Pour les JO de Pékin, la curiosité pour cette Chine qui s'est éveillée l'emportait largement sur l'horreur qu'inspire ce régime policier qui élimine à petit feu les minorité ethniques. Ceux de Sydney ont été les plus beaux de toute l'histoire olympique, aussi parce qu'il étaient conformes à l'image qu'on se fait de l'Australie, un pays tranquille, qui ne fait pas parler de lui, où l'on a l'impression que tout le monde vit bien et où la modernité s’accommode d'une nature généreuse. La flamme qui échoyait dans la main de l'athlète aborigène Cathy Freeman balayait les quelques préventions qu'on avait pu avoir sur le traitement des populations d'avant les origines. C'est elle qui a eu l'honneur d'enflammer la vasque et d'ouvrir, par ce geste symbolique, les Jeux Olympiques.

On parle encore du fiasco financier des JO du centenaire à Athènes parce qu'il s'est conjugué avec la crise grecque. On a critiqué ceux de Barcelone mais comme ils ont transformé la ville et même le pays tout entier avec la coïncidence avec l'Exposition Universelle de Séville, le bénéfice l'a emporté.
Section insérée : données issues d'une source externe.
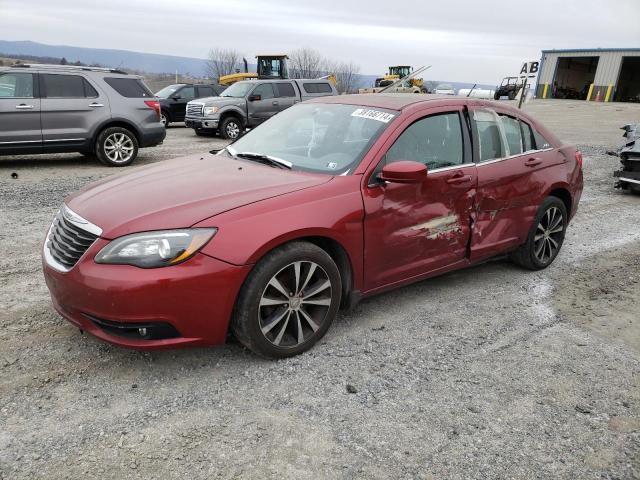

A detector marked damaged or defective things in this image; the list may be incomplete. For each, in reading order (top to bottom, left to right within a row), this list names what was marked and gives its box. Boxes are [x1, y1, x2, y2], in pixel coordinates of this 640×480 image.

damaged door panel [360, 108, 476, 292]
damaged door panel [470, 108, 560, 262]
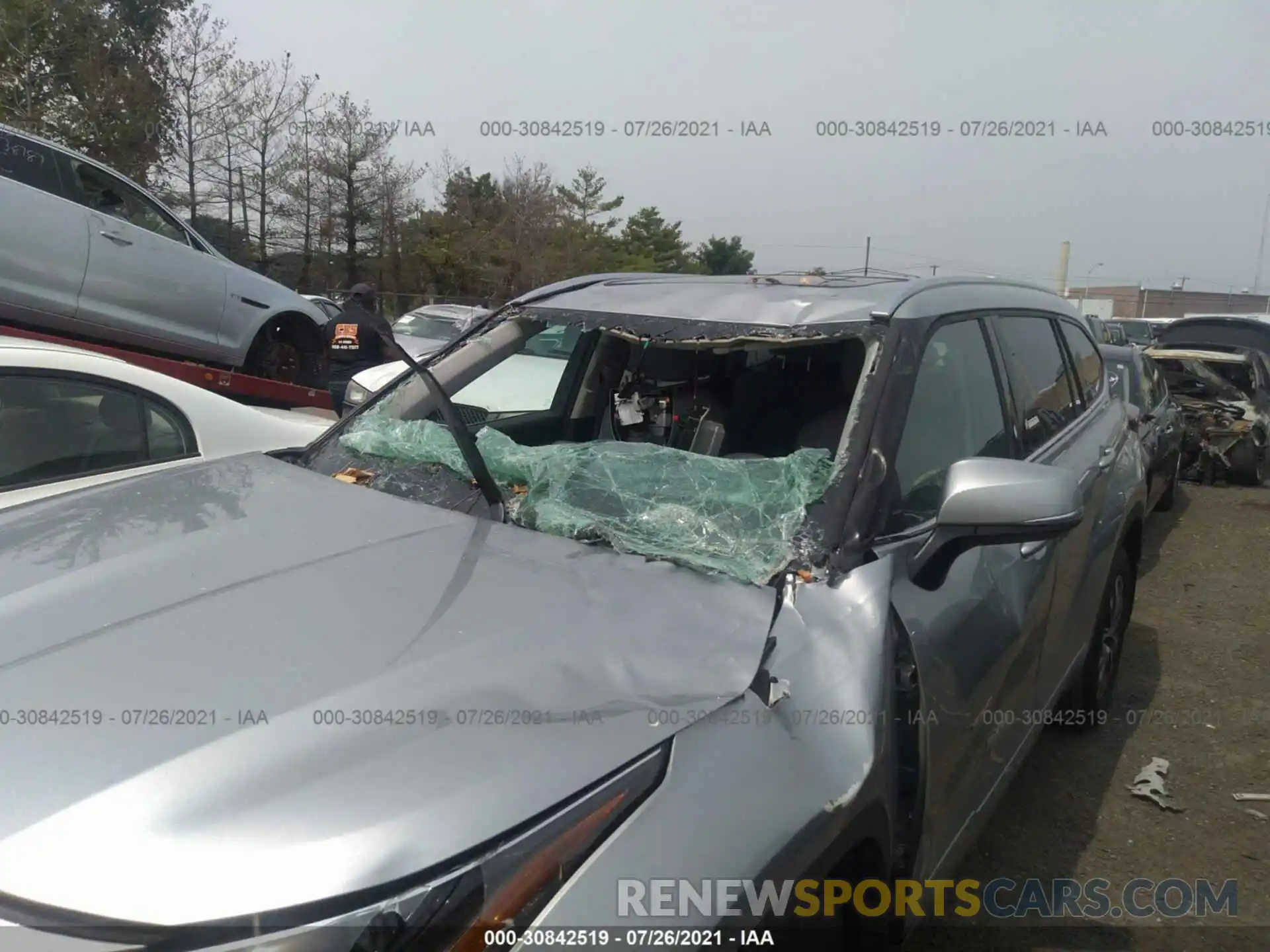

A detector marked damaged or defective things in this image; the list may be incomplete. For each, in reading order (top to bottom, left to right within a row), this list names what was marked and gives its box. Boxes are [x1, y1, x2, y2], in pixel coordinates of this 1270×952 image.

dented hood [0, 459, 772, 929]
wrecked car in background [0, 271, 1148, 949]
shattered windshield [300, 315, 873, 581]
wrecked car in background [1148, 345, 1265, 485]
Avant de regagner son pays, le correspondant du Guardian à Paris, M. Jon Henley, racontait qu'il avait pris son poste quelques mois avant le Mondial de 1998. Dans cette France dynamique, qui innovait dans tous les domaines, qui construisait, qui investissait, il était évident pour lui que le Onze tricolore ne pouvait que devenir champion du monde. On a vu que le choc de l'élection présidentielle de 2002 a été suivi de la Bérézina de la Coupe du Monde.
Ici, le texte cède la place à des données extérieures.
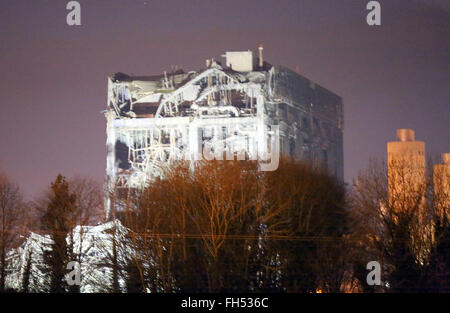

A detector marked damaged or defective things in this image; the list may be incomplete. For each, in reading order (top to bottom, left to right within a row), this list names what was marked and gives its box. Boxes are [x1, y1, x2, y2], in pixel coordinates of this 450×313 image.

damaged roof structure [104, 46, 344, 216]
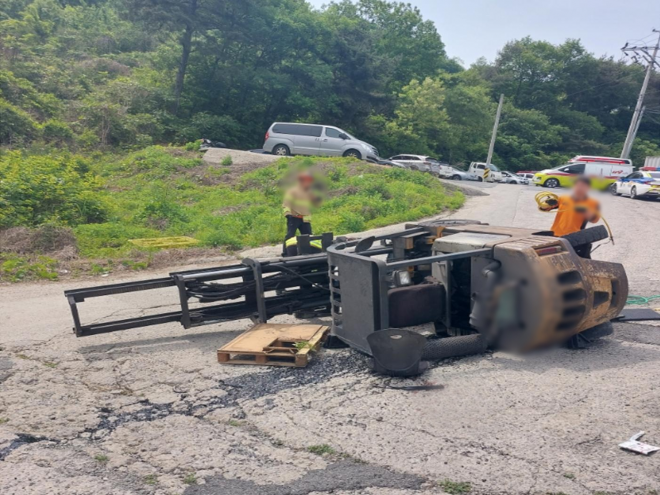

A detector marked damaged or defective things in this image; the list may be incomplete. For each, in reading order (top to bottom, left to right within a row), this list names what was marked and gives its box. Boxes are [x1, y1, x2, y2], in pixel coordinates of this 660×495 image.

cracked pavement [1, 184, 660, 494]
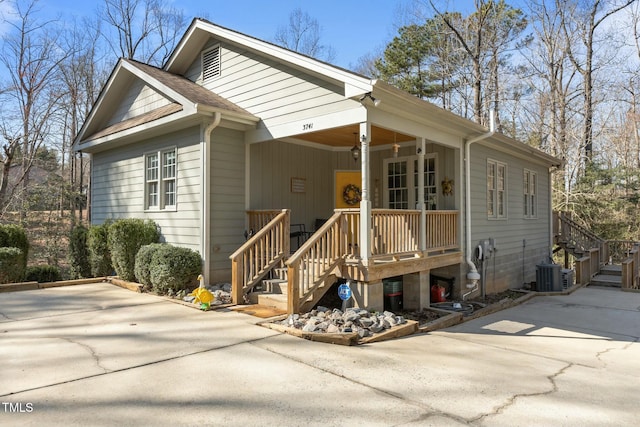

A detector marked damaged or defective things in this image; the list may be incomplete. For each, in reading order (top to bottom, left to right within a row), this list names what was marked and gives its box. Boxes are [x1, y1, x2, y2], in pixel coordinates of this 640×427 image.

crack in concrete [60, 338, 110, 374]
crack in concrete [468, 362, 572, 426]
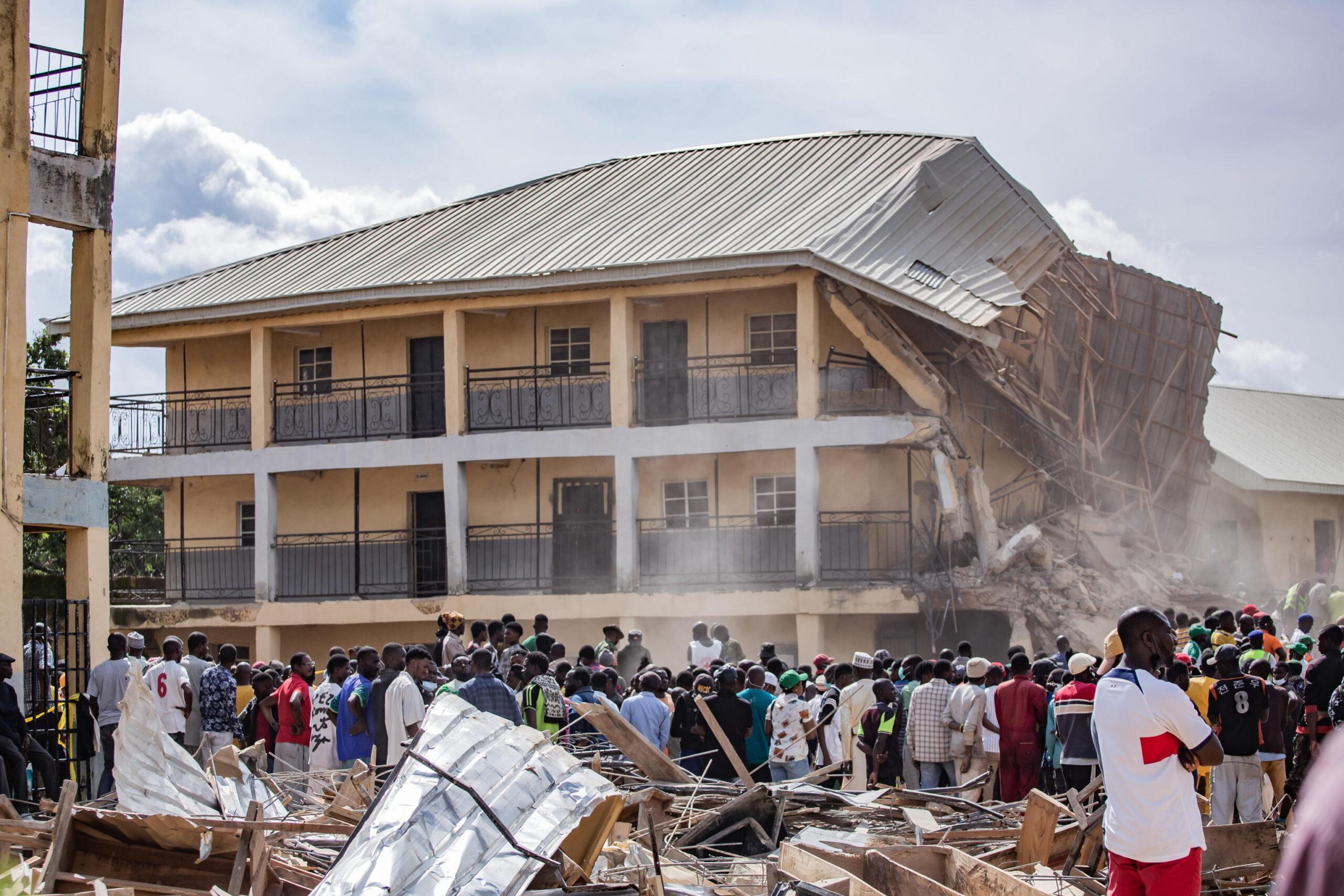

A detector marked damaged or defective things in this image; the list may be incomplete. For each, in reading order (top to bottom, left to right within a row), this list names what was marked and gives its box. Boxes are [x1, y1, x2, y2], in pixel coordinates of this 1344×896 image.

crumpled metal sheet [113, 663, 220, 819]
broken wooden plank [571, 697, 693, 781]
broken wooden plank [693, 693, 756, 781]
crumpled metal sheet [313, 693, 617, 894]
broken wooden plank [1016, 789, 1071, 865]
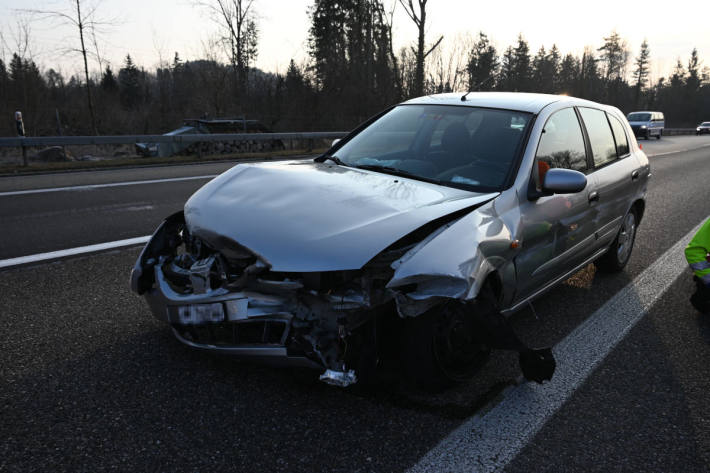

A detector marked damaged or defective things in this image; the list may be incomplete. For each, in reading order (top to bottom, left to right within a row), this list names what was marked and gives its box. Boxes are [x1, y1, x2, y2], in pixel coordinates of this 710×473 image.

missing license plate area [177, 302, 224, 324]
crumpled front bumper [131, 210, 322, 368]
dented hood [184, 160, 500, 272]
damaged silver car [132, 91, 652, 388]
En fait, la victoire de 1998 a produit son propre poison. Si l'on a eu, à l'époque, l'une des toutes dernière occasions de se réjouir collectivement, on a, également, développé une exigence démesurée. Les Français ont la réputation d'être arrogants vis-à-vis des visiteurs étrangers et aussi lorsqu'ils sont en déplacement ailleurs. Pour s'en faire une idée, il suffit de voir le comportement des Parisiens sur les lieux de vacances de l'hexagone. Avec la victoire de 1998, on ne voulait plus voir l'équipe nationale autrement que championne toute catégorie. D'ailleurs, deux ans plus tard, l'équipe enchaînait avec la Coupe d'Europe. Depuis, tous les deux ans, on nous bassine avec « le fiasco de l'équipe de France » quand elle ne réussit plus à être première. Quand on atteint le sommet, on ne peut que redescendre. Même les meilleurs ont connu ça. Que n'a-t-on dit contre le sélectionneur Santini, coupable d'avoir amené son équipe en quart de finale, éliminée par le futur champion d'Europe ! Excusez du peu. Qu'est-ce qui entretient cette exigence insensée ?
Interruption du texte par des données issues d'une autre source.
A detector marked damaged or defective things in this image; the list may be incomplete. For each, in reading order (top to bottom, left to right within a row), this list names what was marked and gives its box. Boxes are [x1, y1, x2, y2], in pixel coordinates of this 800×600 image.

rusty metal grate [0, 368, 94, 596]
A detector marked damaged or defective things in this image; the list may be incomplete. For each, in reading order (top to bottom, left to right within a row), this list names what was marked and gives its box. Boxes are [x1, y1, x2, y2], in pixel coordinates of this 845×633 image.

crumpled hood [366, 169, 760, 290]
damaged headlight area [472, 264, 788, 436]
C'est que, le lendemain de la finale, le quotidien du soir de référence, ne titrait pas sur la valeur intrinsèque de l'équipe mais sur sa composition ethnique. C'est le fameux « Black-Blanc-Beur » promis à un bel avenir. Par conséquent, dans l'inconscient collectif, s'est instillée l'idée selon laquelle, puisque la France demeure métisse ou « BBB », on peut et l'on doit gagner à tous les coups. C'est du racisme à l'envers puisqu'il sous-entend que c'est ce mélange ethnique qui fait gagner la France. C'est en quelque sorte « la potion magique » de l'époque post-astérixienne. Le village assiégé (symptôme paranoïaque) n'est rien sans la potion magique et sans la force herculéenne du guerrier qui est tombé dedans étant petit. D'ailleurs, après la retraite des champions du monde de 1998, on a dit et répété qu'il manque … et là, chacun y mettait le nom de son favori.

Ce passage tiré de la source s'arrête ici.